Remind yourself that the list of things you want in your rental room in New York may not even be close to what you find here. Be flexible and willing to accept whatever you get provided, of course, it meets some of your critical needs. It’s up to you to figure out how much importance you’re willing to give your wants versus your needs.
7. Think of getting a roommate
While you may be a self-sufficient individual who manages perfectly on your own, remember this is New York City you’re dealing with. Living alone is fine, but the question you have to ask yourself is: Will I be able to afford the rent, utilities, and other expenses without any help? If you’re struggling to find an answer, it might be practical to search for a roommate to share the costs with.
In summary, whoever your roommate may be, known or unknown, ensure that you set expectations upfront about expenses, responsibilities, and boundaries. After all, you’d want to live in peace now, don’t you?
8. Keep necessary documents handy
You never know how soon you might find the rental room you see yourself living in, so it’s good to be prepared with all your essential documents beforehand.

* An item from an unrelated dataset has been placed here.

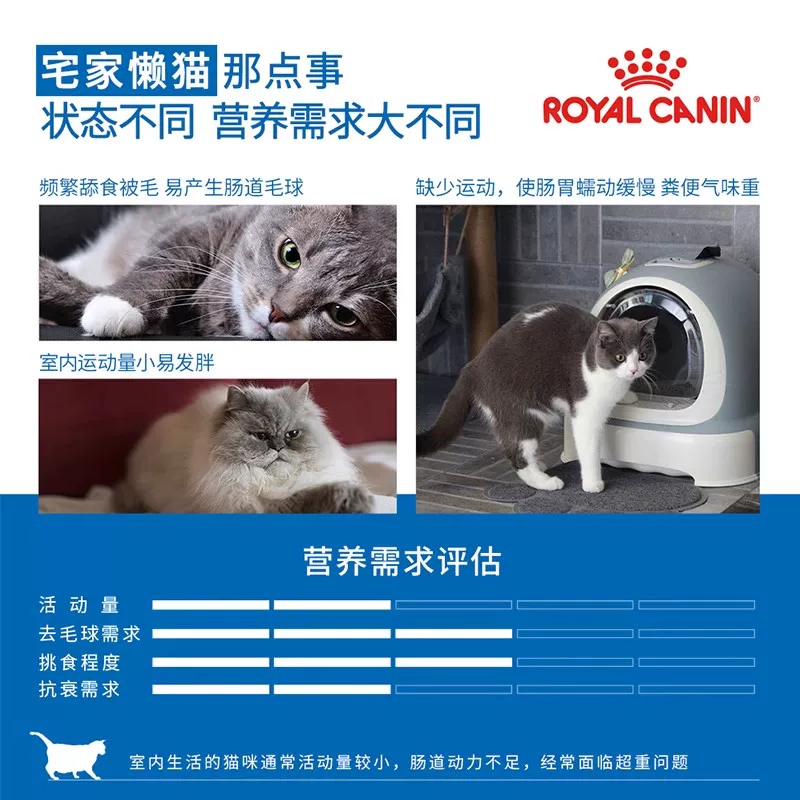 皇家猫粮F32营养成猫粮I27室内全价猫粮英短美短布偶通用猫屋礼盒 289元 - 86线报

In a city like New York, you can never be too early to close a deal, and a rental space is no exception. It shouldn’t happen that by the time you put together all your documents, someone else swoops in and takes the room!
Besides the application you’ll need to submit for the rental room in New York, here are the other documents that you must have ready:
- Pay stubs for two months
- Bank statements for two months
- Tax returns for two years
- Employment letter
- Photo identification
- Reference letter from the previous landlord
We hope that the tips we’ve shared here to help you find your ideal rental room in New York are useful. While we understand that you may be feeling a little overwhelmed, we urge you to continue your efforts, including digging around to find relevant information, and you should find what you’re looking for, even if it doesn’t include everything you wanted. Finally, given the housing demand in New York, don’t wait to move in; do it at the earliest!